Despite being bound and shot several times, Sweeney had broken free and managed to call police. Officers entered the office building behind Dortch, and exchanged gunfire with him in a second-floor hallway.
Dortch, who may have been shot by police, then ducked behind a door and fatally shot himself in the head, Fox said.
Dortch had invested in an apparent startup company called Watson International, to which at least two of the victims had ties. The site lists Robert Norris as vice president of business development. His wife, Patricia, on Tuesday declined to answer questions about the meeting or comment on the shootings.
Mark Norris and Robert Norris are brothers, said Aaron Haydn McLean, Zigzag's senior art director. Reif was also affiliated with Watson International, McLean said.
Both Robert Norris and Reif were retired law enforcement officers, police said.

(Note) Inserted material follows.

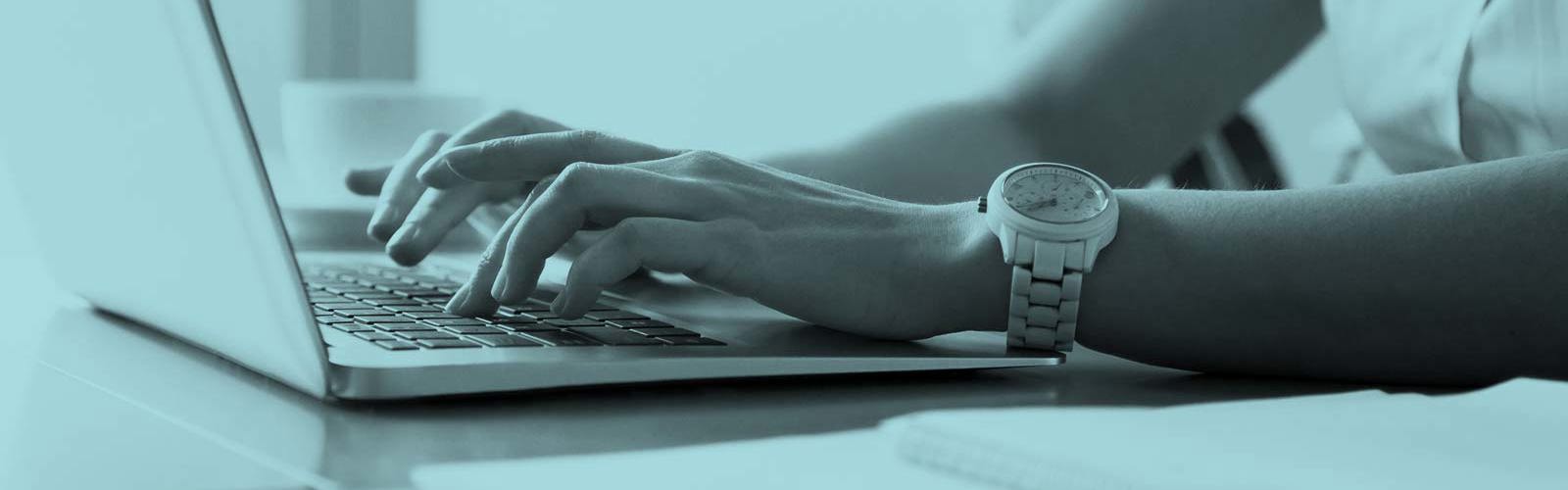 Hands typing on laptop at workplace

Zigzag has about 15 employees, said McLean, who has worked there for about five years.
Meanwhile, across the country in Salt Lake City, a historic mall's winding hallways became a shooting gallery for a gunman in a trench coat who fired a shotgun randomly at customers, slaying five before being killed by police, authorities and witnesses said.
The old Philadelphia Navy Yard was one of the Navy's busiest shipbuilders during World War II but closed in 1995. Two years later, a private company, Kvaerner, resumed commercial shipbuilding in a portion of the shipyard, which is now known as Aker Shipyard. Other areas of the Navy facility have been converted to business and office use.